> EXERCISE DESCRIPTION: Look for "Male" in the records and copy every line that has it.

*** Opening SOURCE DATA ***

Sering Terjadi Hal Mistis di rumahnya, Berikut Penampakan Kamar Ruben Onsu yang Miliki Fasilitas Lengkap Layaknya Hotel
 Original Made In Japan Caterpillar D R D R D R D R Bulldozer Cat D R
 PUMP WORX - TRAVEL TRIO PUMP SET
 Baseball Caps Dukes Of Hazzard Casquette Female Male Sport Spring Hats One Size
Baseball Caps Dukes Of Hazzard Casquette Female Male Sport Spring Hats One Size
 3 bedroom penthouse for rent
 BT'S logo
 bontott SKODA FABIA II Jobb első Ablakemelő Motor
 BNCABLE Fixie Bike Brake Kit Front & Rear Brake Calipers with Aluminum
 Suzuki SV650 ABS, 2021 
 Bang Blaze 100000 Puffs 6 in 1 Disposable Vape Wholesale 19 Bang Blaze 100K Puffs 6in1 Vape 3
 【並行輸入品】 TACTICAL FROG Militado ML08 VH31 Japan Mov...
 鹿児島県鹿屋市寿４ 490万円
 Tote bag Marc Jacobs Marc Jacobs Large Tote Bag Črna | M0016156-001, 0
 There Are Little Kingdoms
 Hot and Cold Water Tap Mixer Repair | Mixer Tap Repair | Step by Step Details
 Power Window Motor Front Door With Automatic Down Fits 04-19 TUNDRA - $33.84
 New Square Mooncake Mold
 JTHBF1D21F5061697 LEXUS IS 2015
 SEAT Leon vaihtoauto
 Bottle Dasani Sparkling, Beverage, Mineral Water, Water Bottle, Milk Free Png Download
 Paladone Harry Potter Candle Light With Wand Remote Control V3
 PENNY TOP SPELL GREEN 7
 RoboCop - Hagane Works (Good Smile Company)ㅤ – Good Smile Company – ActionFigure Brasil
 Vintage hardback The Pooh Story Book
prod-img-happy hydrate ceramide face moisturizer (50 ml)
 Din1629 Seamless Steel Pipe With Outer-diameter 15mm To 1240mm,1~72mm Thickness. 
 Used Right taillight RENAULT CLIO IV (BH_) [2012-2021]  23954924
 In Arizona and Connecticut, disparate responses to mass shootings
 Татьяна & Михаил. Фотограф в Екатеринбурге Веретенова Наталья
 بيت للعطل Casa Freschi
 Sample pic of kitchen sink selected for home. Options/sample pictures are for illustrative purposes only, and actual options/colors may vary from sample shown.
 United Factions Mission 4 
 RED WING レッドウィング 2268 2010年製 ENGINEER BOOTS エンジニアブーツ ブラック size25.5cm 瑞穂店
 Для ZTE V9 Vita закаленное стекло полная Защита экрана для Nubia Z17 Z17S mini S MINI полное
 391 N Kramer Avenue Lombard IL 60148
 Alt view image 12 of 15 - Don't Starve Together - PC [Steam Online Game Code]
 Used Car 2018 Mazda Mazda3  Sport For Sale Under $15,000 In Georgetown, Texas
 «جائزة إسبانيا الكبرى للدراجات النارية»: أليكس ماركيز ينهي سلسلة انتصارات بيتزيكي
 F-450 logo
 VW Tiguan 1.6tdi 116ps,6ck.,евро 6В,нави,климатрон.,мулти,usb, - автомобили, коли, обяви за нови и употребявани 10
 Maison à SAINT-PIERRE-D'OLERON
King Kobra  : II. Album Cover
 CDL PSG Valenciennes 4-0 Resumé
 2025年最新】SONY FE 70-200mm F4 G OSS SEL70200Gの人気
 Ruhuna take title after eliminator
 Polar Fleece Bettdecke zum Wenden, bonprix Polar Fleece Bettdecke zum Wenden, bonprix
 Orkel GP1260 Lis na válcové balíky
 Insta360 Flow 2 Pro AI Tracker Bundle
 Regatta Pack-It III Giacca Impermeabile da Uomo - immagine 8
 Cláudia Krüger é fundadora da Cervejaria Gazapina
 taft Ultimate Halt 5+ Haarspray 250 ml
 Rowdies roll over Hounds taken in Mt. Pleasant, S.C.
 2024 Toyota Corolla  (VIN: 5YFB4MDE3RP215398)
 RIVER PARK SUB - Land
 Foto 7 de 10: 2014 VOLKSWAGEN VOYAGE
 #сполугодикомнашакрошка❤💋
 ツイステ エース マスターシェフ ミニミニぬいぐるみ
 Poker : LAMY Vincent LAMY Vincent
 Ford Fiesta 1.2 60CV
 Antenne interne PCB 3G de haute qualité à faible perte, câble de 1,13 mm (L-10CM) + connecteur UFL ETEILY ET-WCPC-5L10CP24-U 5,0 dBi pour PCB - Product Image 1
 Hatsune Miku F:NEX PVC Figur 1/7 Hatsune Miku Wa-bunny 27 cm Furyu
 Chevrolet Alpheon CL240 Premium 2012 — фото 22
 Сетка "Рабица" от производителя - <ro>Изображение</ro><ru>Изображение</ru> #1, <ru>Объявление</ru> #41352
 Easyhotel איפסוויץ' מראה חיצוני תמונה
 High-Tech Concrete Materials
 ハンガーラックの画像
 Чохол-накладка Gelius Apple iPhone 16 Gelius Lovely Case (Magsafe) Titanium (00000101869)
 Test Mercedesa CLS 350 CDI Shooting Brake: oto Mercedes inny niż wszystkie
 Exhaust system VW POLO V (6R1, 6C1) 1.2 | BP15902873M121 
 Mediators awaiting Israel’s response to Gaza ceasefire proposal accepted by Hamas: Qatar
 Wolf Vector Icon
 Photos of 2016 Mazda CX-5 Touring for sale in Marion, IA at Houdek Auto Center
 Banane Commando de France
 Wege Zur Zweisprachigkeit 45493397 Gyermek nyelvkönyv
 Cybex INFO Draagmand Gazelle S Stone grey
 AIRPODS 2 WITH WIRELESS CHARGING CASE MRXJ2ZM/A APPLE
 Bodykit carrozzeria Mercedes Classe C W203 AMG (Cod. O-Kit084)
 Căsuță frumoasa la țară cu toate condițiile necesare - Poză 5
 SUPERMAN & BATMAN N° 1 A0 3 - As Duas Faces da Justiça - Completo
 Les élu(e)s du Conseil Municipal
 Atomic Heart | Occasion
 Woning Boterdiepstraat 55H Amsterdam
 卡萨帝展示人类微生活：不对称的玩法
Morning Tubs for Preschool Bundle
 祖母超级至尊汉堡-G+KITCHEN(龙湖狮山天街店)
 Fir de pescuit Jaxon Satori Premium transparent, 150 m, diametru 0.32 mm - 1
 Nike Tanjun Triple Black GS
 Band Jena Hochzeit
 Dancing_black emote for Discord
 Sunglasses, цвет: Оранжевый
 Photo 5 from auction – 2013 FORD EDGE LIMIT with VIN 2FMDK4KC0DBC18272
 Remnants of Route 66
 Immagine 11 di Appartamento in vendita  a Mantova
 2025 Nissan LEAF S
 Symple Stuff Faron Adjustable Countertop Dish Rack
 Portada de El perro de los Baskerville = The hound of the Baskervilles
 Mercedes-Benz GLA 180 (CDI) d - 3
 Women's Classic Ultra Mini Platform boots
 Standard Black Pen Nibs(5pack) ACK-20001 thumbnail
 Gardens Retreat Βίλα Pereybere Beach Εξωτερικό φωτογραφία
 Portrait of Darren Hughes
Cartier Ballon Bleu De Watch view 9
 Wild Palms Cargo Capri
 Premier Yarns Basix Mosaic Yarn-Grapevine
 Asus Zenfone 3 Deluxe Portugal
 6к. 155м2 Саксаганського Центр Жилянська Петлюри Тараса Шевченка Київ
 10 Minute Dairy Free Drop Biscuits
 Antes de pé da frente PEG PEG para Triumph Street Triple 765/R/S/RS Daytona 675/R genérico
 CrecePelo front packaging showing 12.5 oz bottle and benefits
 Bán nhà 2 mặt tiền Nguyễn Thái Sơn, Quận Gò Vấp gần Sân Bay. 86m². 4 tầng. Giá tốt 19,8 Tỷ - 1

*** Closing SOURCE DATA ***

> OUTPUT FOR THIS TASK:
 Baseball Caps Dukes Of Hazzard Casquette Female Male Sport Spring Hats One Size
Baseball Caps Dukes Of Hazzard Casquette Female Male Sport Spring Hats One Size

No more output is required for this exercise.